PP/FRP negative pressure fan with belt-driven configuration for industrial exhaust systems operating under sustained negative pressure — where the fan must pull air through ductwork, scrubbers, filters, and stacks against cumulative system resistance. The belt drive isolates the motor from the impeller shaft via pulleys and V-belts, providing two operational advantages over direct-drive fans: speed adjustment by pulley ratio change (not VFD) for commissioning fine-tuning, and motor isolation from the corrosive airstream (the motor sits outside the fan casing, connected only by belts). PP or FRP construction throughout the volute and impeller for full corrosion resistance. Standard models handle 2,000-8,000 m³/h against system pressures to 1,150 Pa, with custom configurations available to 80,000 m³/h.
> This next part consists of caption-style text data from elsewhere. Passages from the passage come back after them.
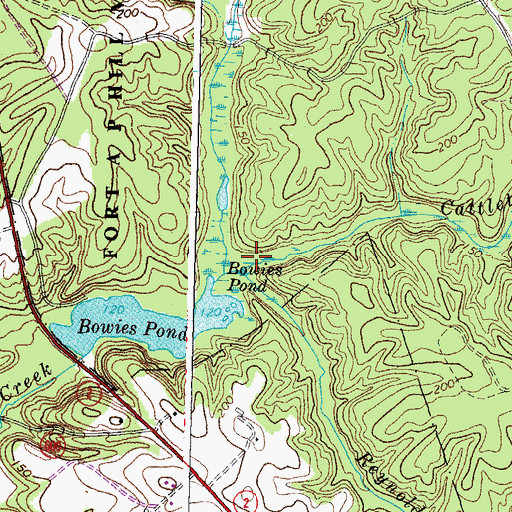 Topographic Map of Reynolds Run, VA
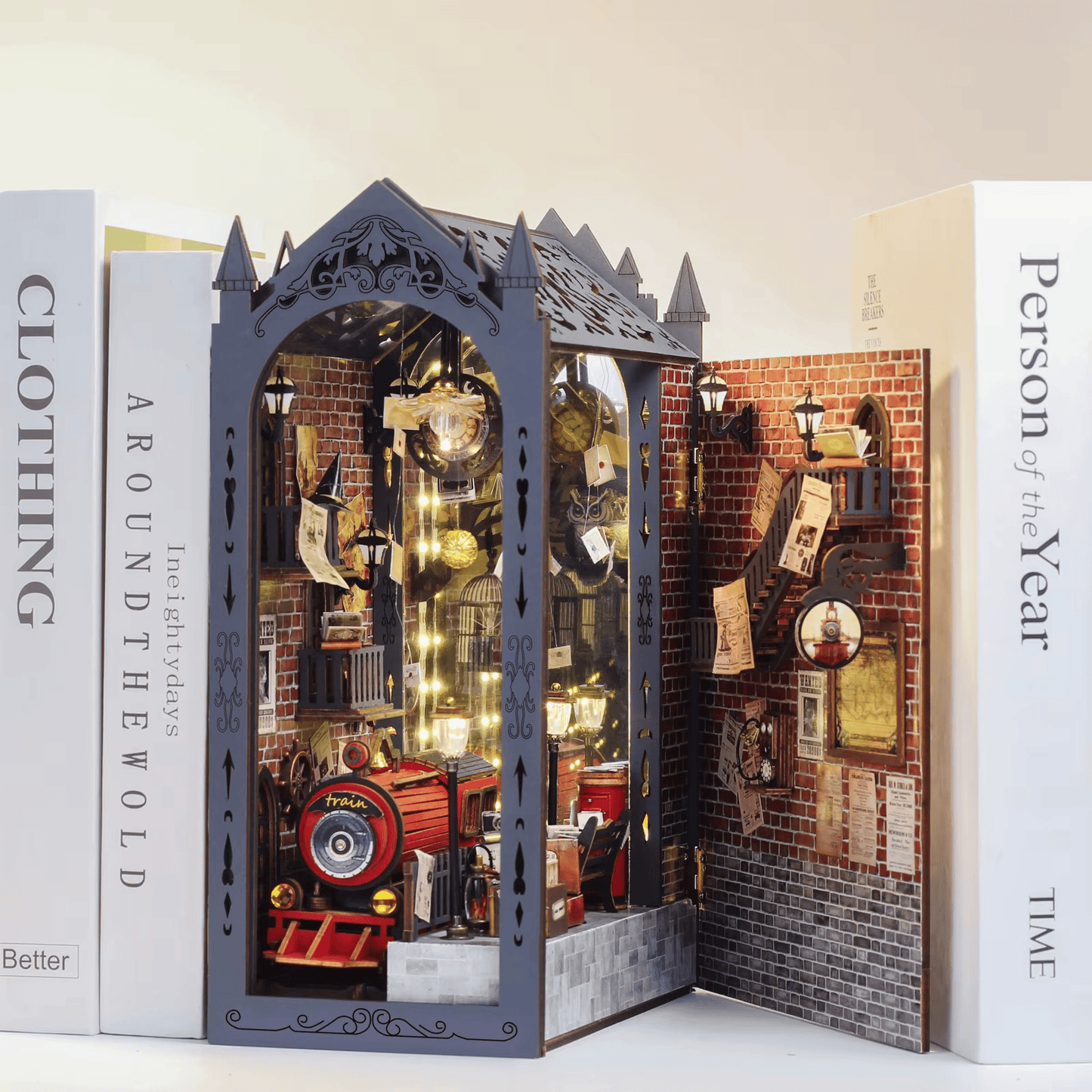 Book Nook Fantasy Train Platform
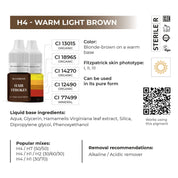 AS Pigments - EYEBROW SET HAIR STROKES HYBRID ORGANIC - BASED 6 ml - Mr.PMU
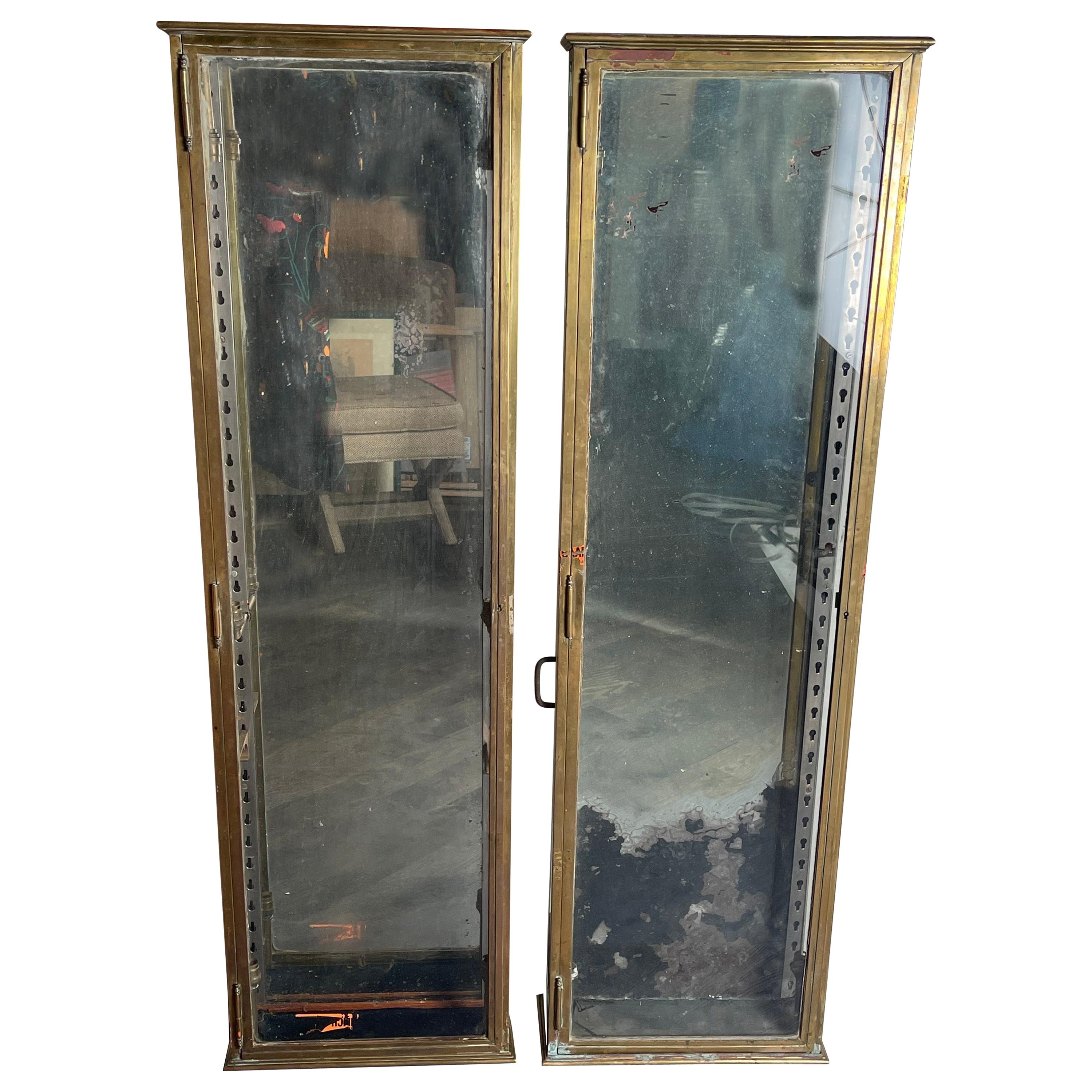 Brass Display Cabinets Case / Store Fixture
Application Negative pressure industrial exhaust — pulling through scrubbers, long duct runs, multi-branch collection systems where system resistance exceeds direct-drive fan capability
Material PP volute + PP impeller (≤60degC); FRP volute + FRP impeller (≤80degC, higher strength)
Drive type Belt-driven — motor isolated from impeller shaft; pulley ratio adjustable for speed fine-tuning
Model range XC-5 series — 1.5-11 kW, 2,000-8,000 m³/h standard; custom to 80,000 m³/h
Impeller Reinforced PP injection-molded one-piece; ISO 1940 G6.3 balanced; F4-72 profile
Gas limits PP: ≤60degC, ≤100 mg/m³; FRP: ≤80degC, ≤150 mg/m³
Lead time 15-25 days

Direct Drive vs Belt Drive: Why Belt Drive Exists

Direct-drive fans (motor directly coupled to impeller shaft) are simpler, more compact, and have no belt maintenance. So why specify belt drive? Because it solves three problems that direct drive cannot:

  • Speed adjustment without electronics. A direct-drive fan runs at motor speed — 1,440 or 2,900 RPM. If the system pressure drop calculation was slightly off (and it often is — duct friction estimates have uncertainty, filter loading changes resistance over time, future expansion may add branches), the fan delivers the wrong airflow. With a direct-drive fan, the fix is a VFD (adds cost, requires electrical work, introduces harmonics) or a damper (wastes energy by throttling). With a belt-driven fan, the fix is a pulley change — swap the motor pulley for a different diameter, fan speed changes proportionally, airflow adjusts. No electronics, no electrical contractor, no energy-wasting throttling.
  • Motor isolation from the airstream. In a direct-drive fan, the motor shaft penetrates the fan casing — the shaft seal is the only barrier between the corrosive airstream and the motor bearings. In a belt-driven fan, the motor sits entirely outside the fan casing with no penetration — the impeller shaft has its own bearings in pillow blocks external to the casing, and the motor is connected only by belts. If the shaft seal on a direct-drive fan leaks, corrosive gas attacks the motor bearings directly. On a belt-driven fan, the motor is physically separated from the airstream — bearing contamination from seal leakage is not possible because there is no seal to leak past.
  • Motor replacement without fan disassembly. If a direct-drive fan motor fails, the impeller must be removed from the shaft to replace the motor — significant downtime, potential for impeller damage during removal. If a belt-driven fan motor fails, the motor is unbolted from its baseplate and replaced — the impeller, shaft, bearings, and casing remain undisturbed. Motor replacement takes hours, not days. For facilities where fan downtime means production downtime, this maintainability difference alone justifies belt drive. System reliability requirements aligned with EU Industrial Emissions Directive standards favor maintainable fan configurations that minimize exhaust system outage duration.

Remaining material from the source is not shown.